What to work on: From the data underneath, reproduce exactly the stretch that begins at the line with "2002年今年多大(2009" and ends after the line with "Amrum-2020-78.jpg".

*** Opening of Excerpted records ***

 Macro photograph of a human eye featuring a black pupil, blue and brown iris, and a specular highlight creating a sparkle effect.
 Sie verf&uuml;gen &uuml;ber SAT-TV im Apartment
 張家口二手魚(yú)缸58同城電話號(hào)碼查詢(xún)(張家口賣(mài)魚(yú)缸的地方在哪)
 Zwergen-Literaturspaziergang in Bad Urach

*** Close of Excerpted records ***
*** Opening of Excerpted records ***

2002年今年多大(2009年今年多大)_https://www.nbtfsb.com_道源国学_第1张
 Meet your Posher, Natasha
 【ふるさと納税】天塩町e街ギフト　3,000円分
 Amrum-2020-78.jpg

*** Close of Excerpted records ***
*** Opening of Excerpted records ***

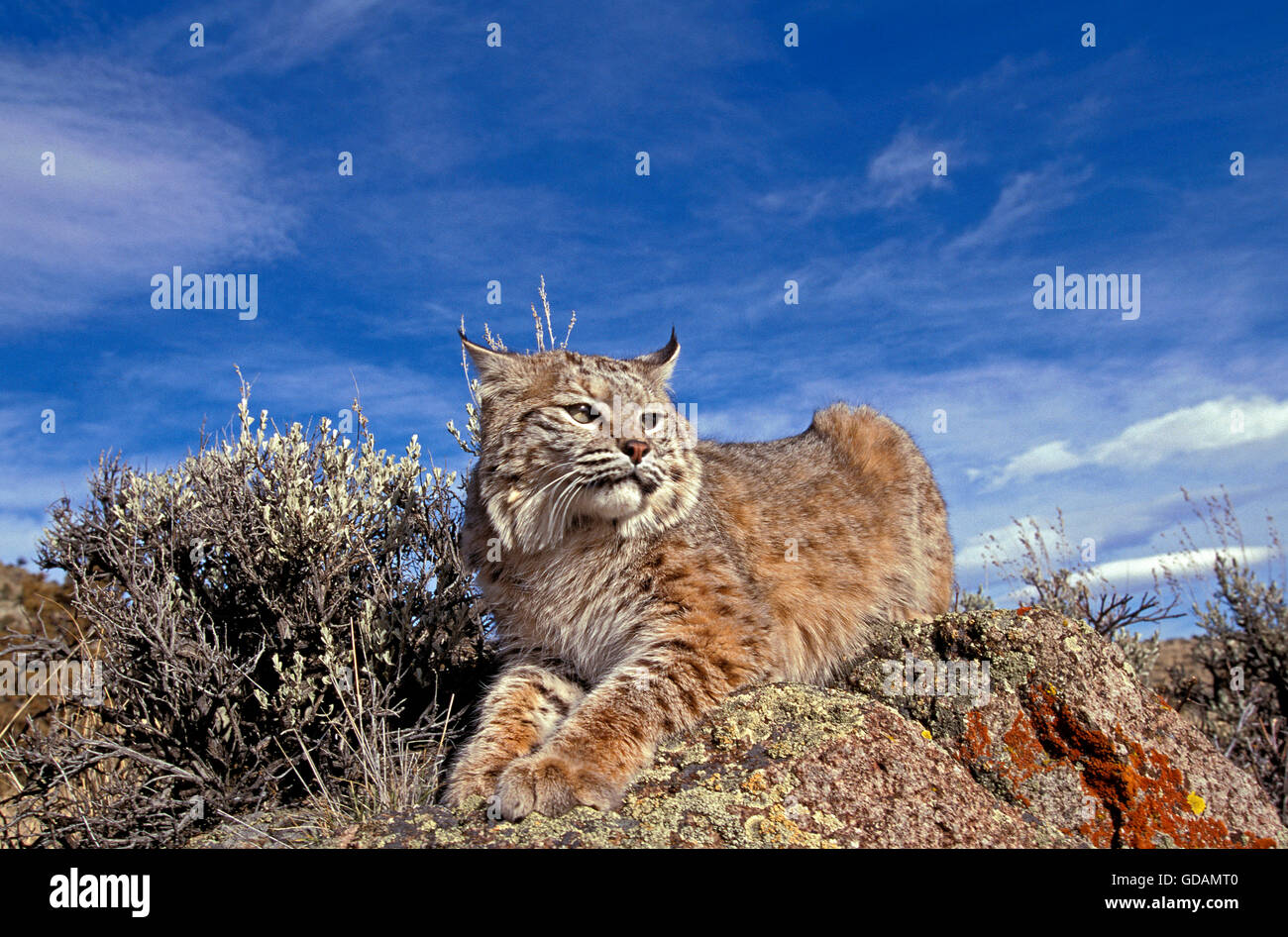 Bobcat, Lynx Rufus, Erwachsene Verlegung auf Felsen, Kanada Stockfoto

*** Close of Excerpted records ***

Output of the task:
2002年今年多大(2009年今年多大)_https://www.nbtfsb.com_道源国学_第1张
 Meet your Posher, Natasha
 【ふるさと納税】天塩町e街ギフト　3,000円分
 Amrum-2020-78.jpg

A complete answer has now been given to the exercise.